WORK REQUEST:
Below are records with pictures; copy word for word only the lines between the line with "Maison - 219 m² - 8 pièces" and the line with "駅家西小学校 0.3km 駅家西小学校 0.3km", inclusive, and drop the pictures.

RECORDS TO USE:

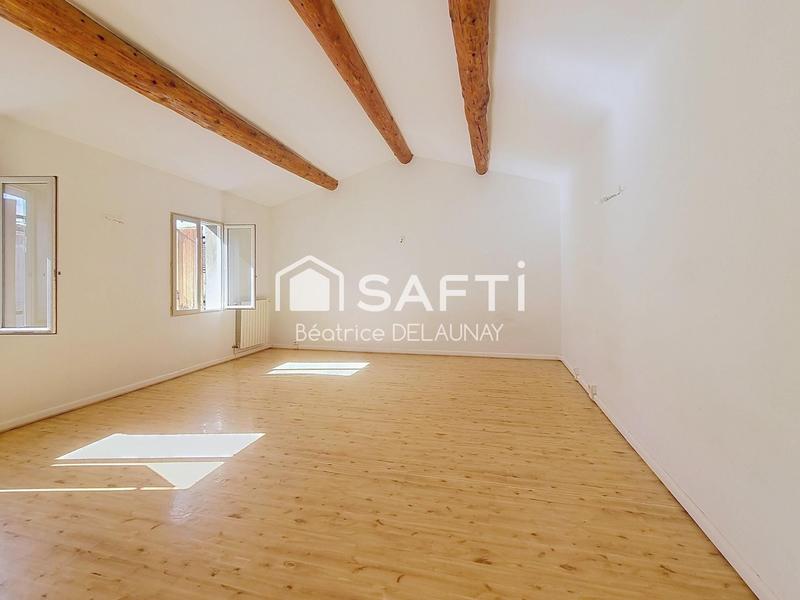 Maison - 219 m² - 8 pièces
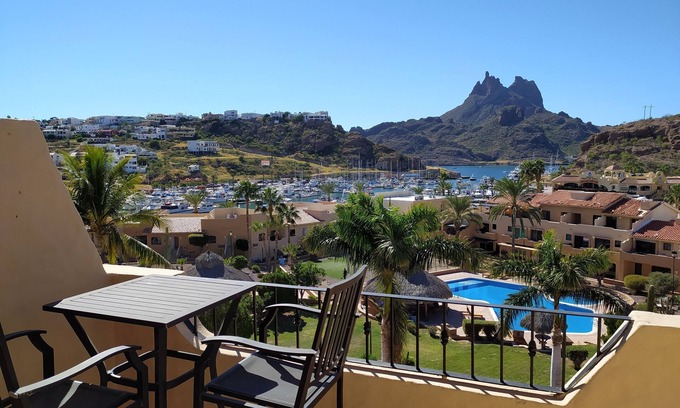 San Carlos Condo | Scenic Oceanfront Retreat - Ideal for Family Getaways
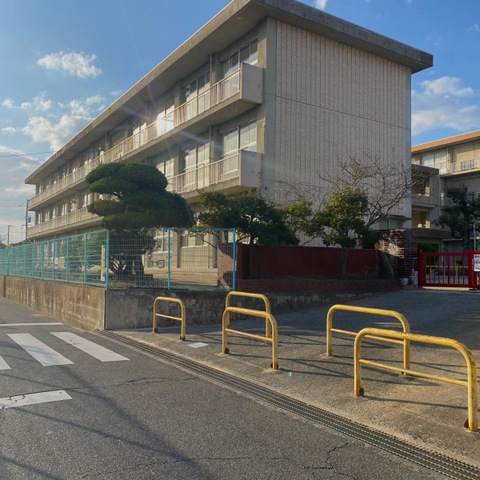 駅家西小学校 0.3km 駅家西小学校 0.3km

---

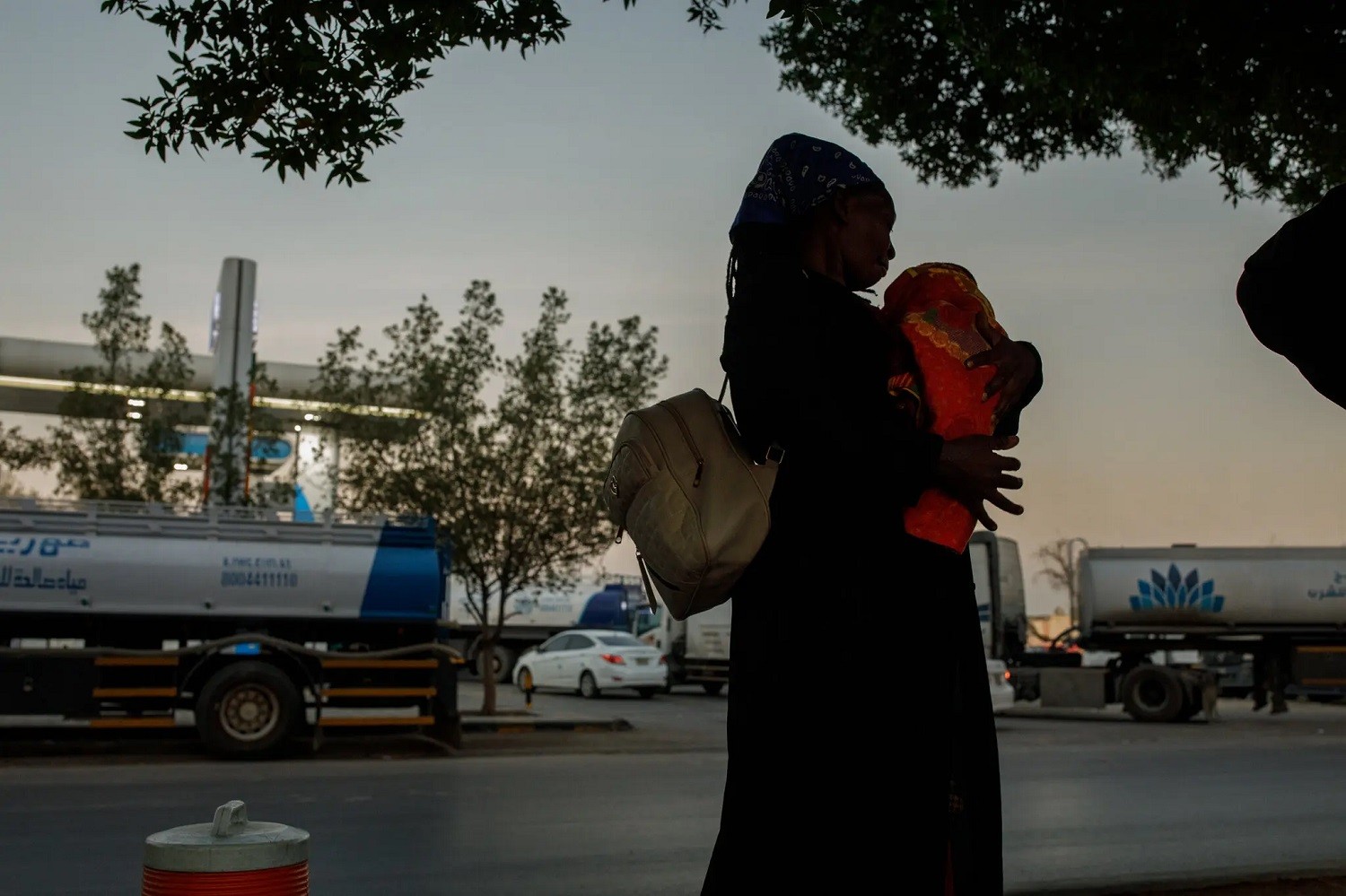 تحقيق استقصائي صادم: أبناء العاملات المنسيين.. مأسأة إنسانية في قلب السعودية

TASK SOLUTION:
 Maison - 219 m² - 8 pièces
 San Carlos Condo | Scenic Oceanfront Retreat - Ideal for Family Getaways
 駅家西小学校 0.3km 駅家西小学校 0.3km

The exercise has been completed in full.